O molho está pronto. Em uma assadeira boto as tulipas bem (muito) temperadas e arranjadinhas com : sal grosso, folhas de louro, estragão, tomilho, pimenta do reino, se possível tudo triturado. Cubro tudo com óleo de girassol ou canola. Se tivesse um forno confiável, levaria o conjunto para ser assado por 50 min. A 80ºC. Não tenho. Coloco na temperatura mínima e quando começa a ferver o óleo, desligo o fogo. Deixo esfriar. Volto à carga e desligo novamente.
Agora espero esfriar e uma vez a temperatura sendo inferior a 50ºC, retiro as tulipas e nesta temperatura e com esmero, atenção, calma, capricho, amor à arte vou empurrando os ossinhos, retirando com cuidado as cartilagens que impedem o movimento de rotação deles, descolo a cartilagem do outro lado, pronto saem os ossos, então ponho-as em um recipiente para levar à geladeira, até que esfriem e ganhem consistência.
Eu guardo bem tapado esse óleo para outras façanhas e outros usos.
Uma vez frias trabalho a apresentação. Cortando aparas, aparando, as deixo retangulares. Tenho o molho quente e as tulipas passadas pelo crivo da estética.

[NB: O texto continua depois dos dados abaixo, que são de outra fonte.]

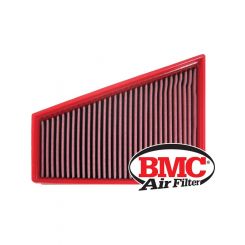 BMC Performance Air Filter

Então acabo assim: numa frigideira ou coisa que se pareça e que tenha umas estrias bem quente, coloco as tulipas e as marco de ambos os lados. Feito isso emprato-as. Empratar é colocar no prato, com algum gosto, alguma delicadeza, algum desenho. E o molho uso para cobrir uma parte da tulipa, fazer gotas, zigue-zagues no prato. Enfeito o prato com folhinhas de tomilho. As faço acompanhadas de sementes de quiabo passadas por azeite e sal.